The University chief of police is taking his patrol somewhere else.
After 18 years of service at UAA, UPD Chief of Police Dale Pittman will be retiring. In an e-mail addressed to the campus community, Bill Spindle, vice chancellor of administrative services, said that Pittman and his family will be moving to Bismark, North Dakota to serve as a special investigator for the North Dakota State Insurance Commission. After serving seven years as chief, Pittman’s last day will be Dec. 2.
Pittman, who recently became a grandfather, said the move is in order to be closer to family.
“I’m going to sorely miss the community at UAA,” Pittman said. “Everyone here are members of my family. It’s a heartfelt leave, hard on my heart.”
Lieutenant Rick Shell will serve as interim chief until a new one is hired. Spindle said that the University will conduct a nationwide search for the next chief. However, he added that anyone on the current police force is welcome to apply.

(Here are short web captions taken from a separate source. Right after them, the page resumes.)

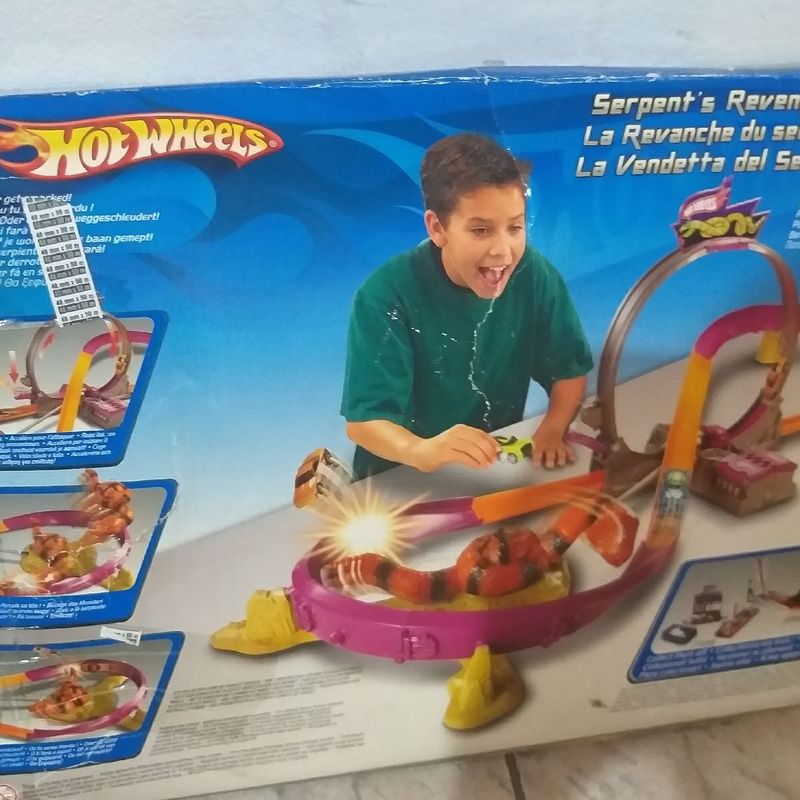 Pista Hot Wheels Ataque da Serpente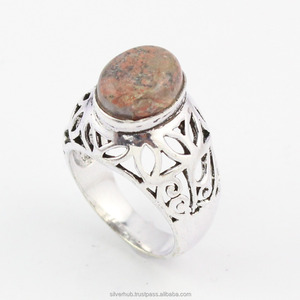 Anillo de Plata de Ley 925 Hecho a Mano con Piedras Preciosas y Engaste de Bisel para Boda y Aniversario - Product Image 4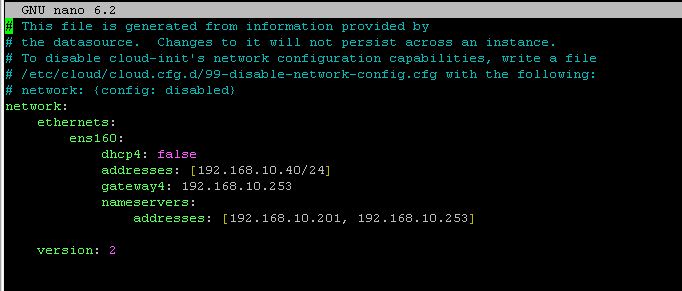 netplan Configuration Screenshot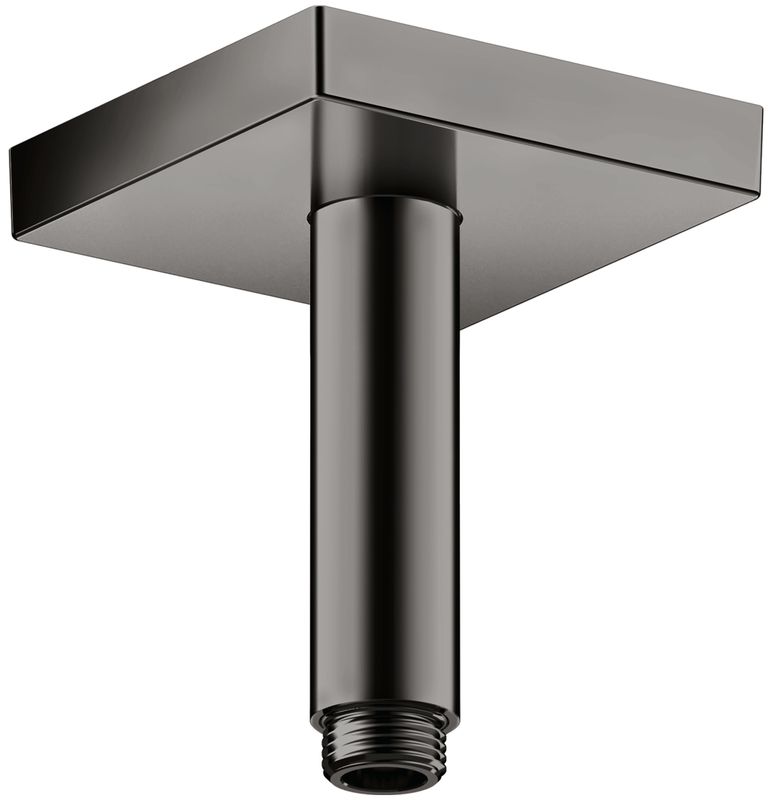 Hansgrohe Decken-Anschlussstück Axor DN 15 100 mm eckig PBC, 92 mm, Farbe black chrome Bild 1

Pittman came to UAA when it was still in its Anchorage Community College days. He planned to become a lawyer, but became involved with law enforcement while looking for a summer job between semesters, eventually taking a position as a property-room cadet with the Anchorage Police Department. After doing ride-alongs with officers, he decided that being a lawyer was out and police work was for him.
He spent a year working for the federal prison system in California. After dealing with corrupt officers, Pittman came back to Alaska when he heard the University Police Department was hiring. There he started as a University Housing officer, then police sergeant, deputy chief and then to his current position as chief in 2002.

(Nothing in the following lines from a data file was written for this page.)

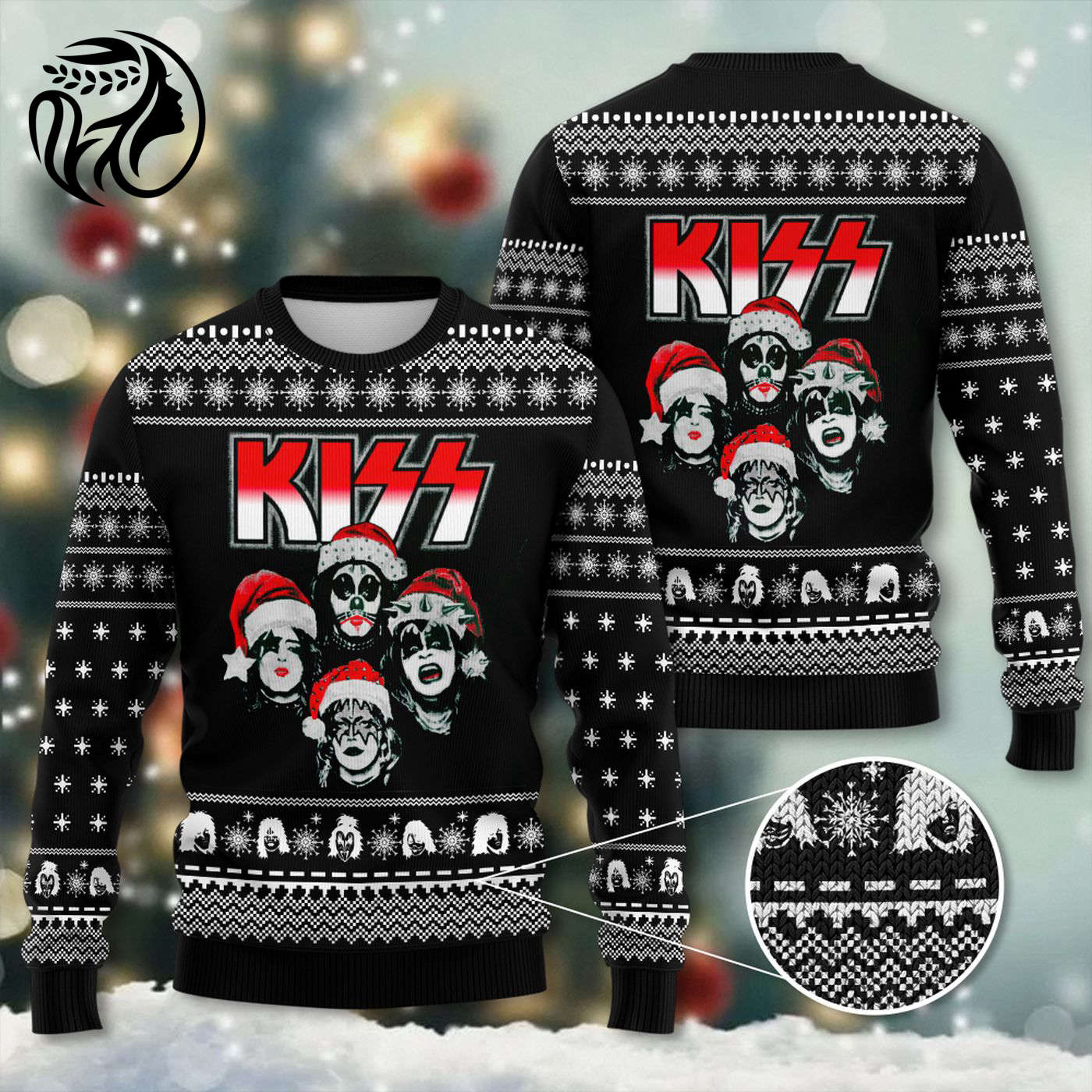 Kiss Band 3D Ugly Sweater Gift – Gift for Men Women Christmas Day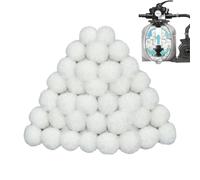 Polysphere Filter Balls Pools, Lightweight Filter Media Replacement Sand Pumps, Efficient Water Cleaning Solution, Ideal for Swimming Pools, Ponds, Outdoor Waters Filtrations Systems, 200g Blue White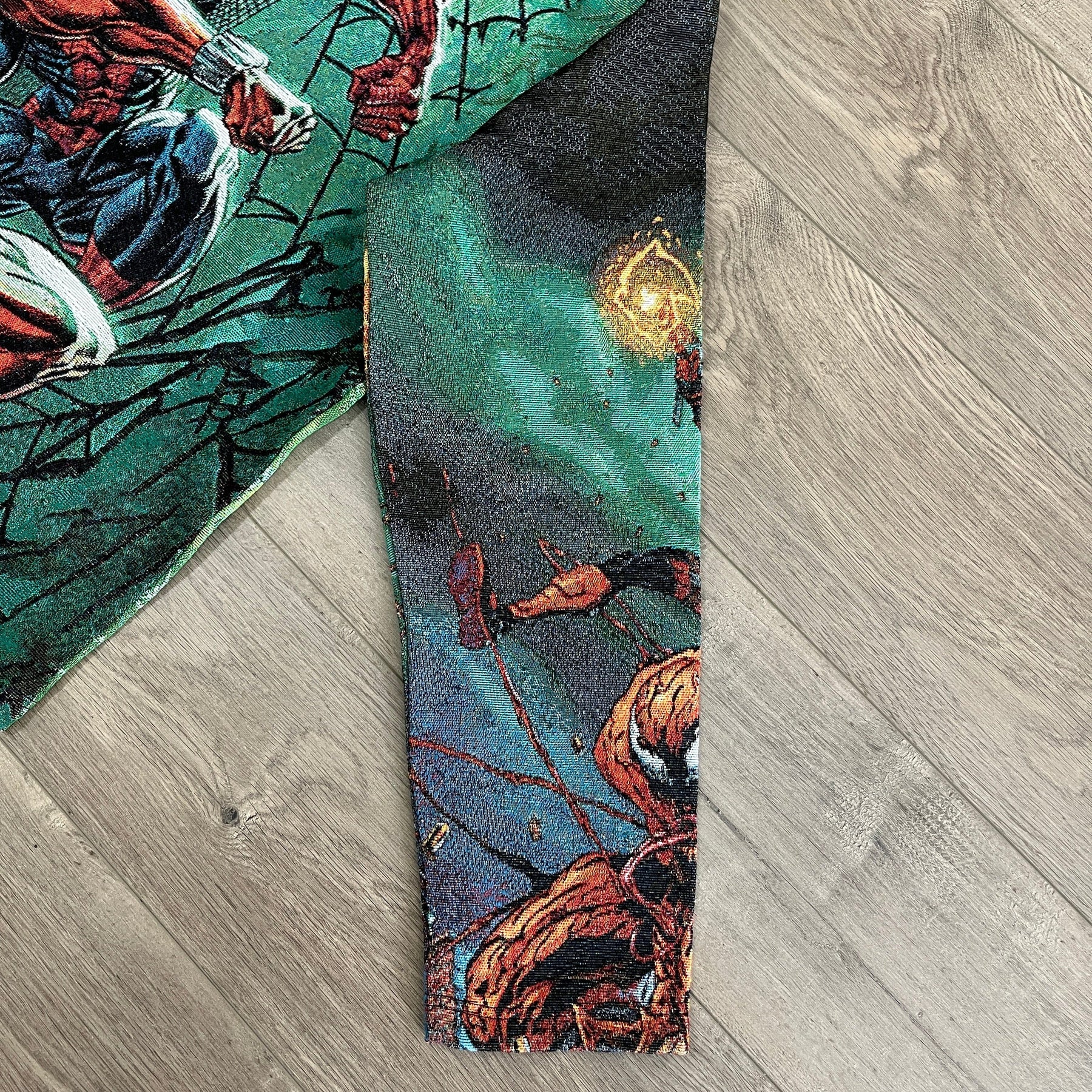 RDMCLOTHINGART tapestry hoodie GREEN SPIDER TAPESTRY JACKET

During his tenure, Pittman has been instrumental in the development of the Campus Response Team, an organization that reacts to emergencies on campus. He also was key in implementing the new Burbee emergency notification system that uses the voice over IP phone system to alert campus of possible threats. It was effectively used for the first time in September, when a violent assault occurred in the woods between housing and Providence Drive.
Spindle said that Pittman has been invaluable in bringing a sense of “community policing” to the force.

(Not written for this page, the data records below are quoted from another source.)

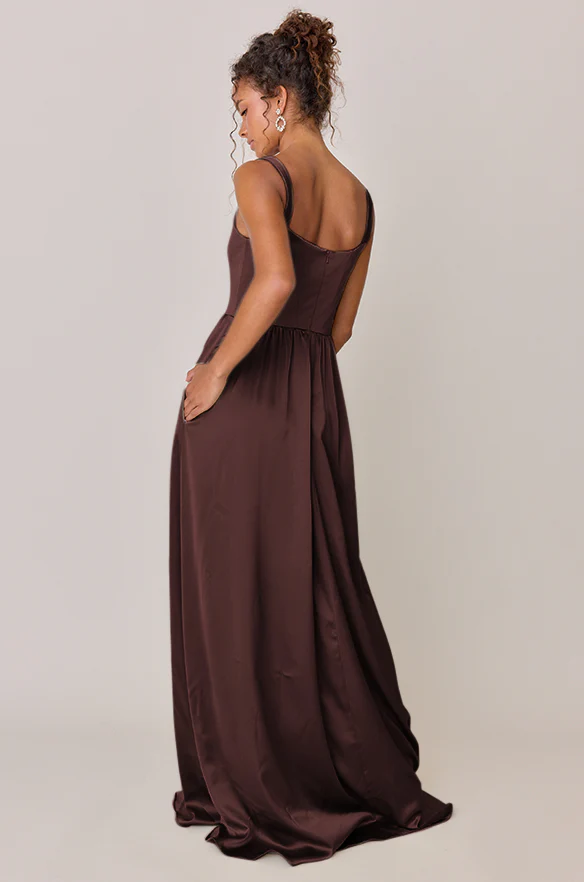Whitney Satin Dress | Made To Order - Image 76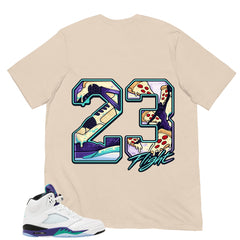 23 Flight MJ Shirt - Matching Air Jordan 5 Retro 'Grape' 2025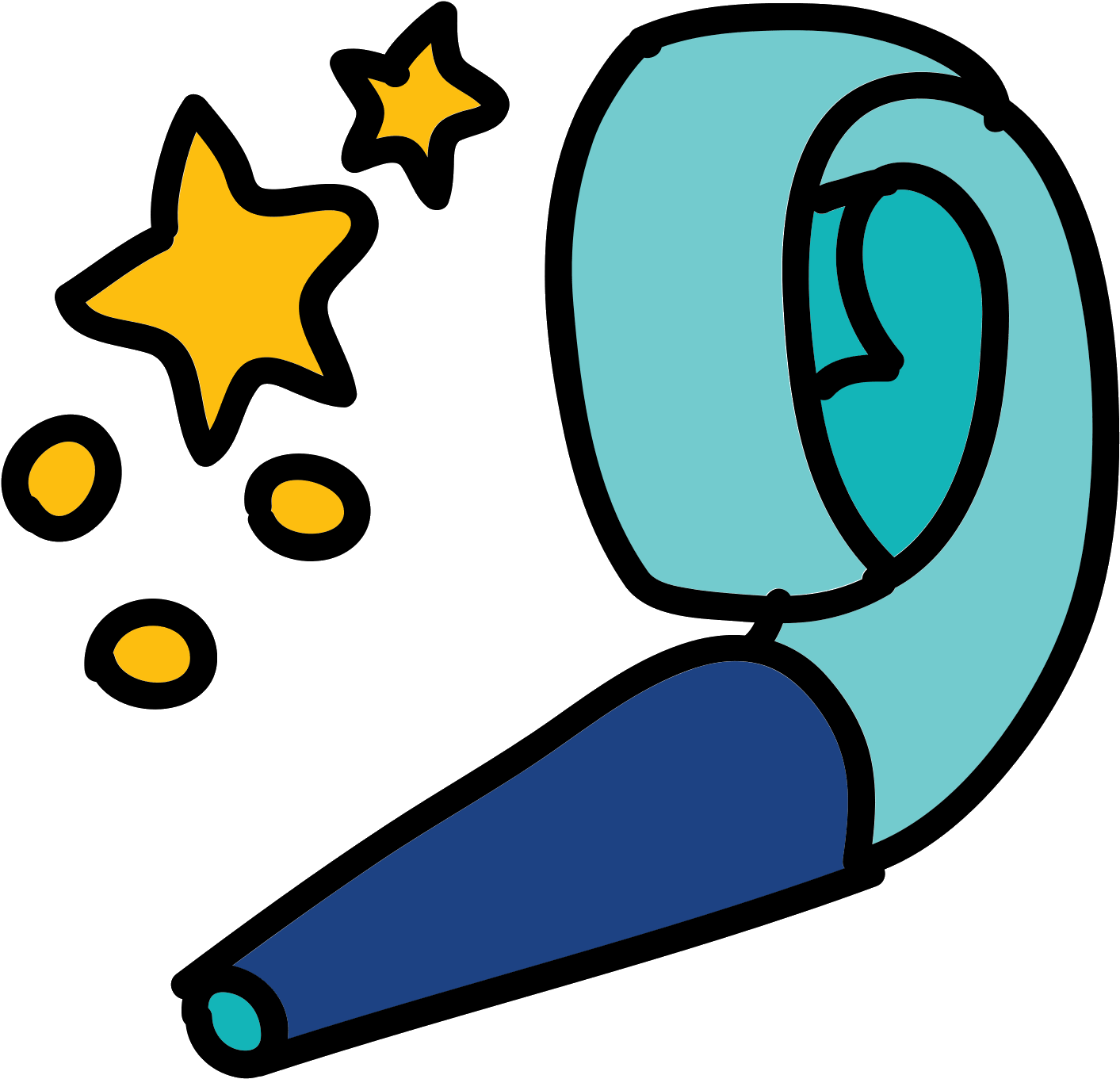 Party Horn Birthday Clip Art - Transparent Birthday Whistle Clipart - Png Download (1600x1600), Png Download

“When you’re a policeman, there’s a lot of arresting criminals, but here [at UAA] you dealing more with the community,” Spindle said. “It’s more of dealing with the populace and dealing with everyday kind of things.”
He said that Pittman has made a focus on training his team to be more than just a “scary” policeman and to be on more of a first name basis with people.
“I don’t know a better trained, more level headed police officer,” Spindle said.
In late June, Pittman was one of three finalists selected for chief of police at Colorado State University in Fort Collins, Colo. The position went to former University of Northern Colorado police chief Wendy Rich-Goldschmidt. Pittman said that he had been looking for jobs out of state for the last six to nine months.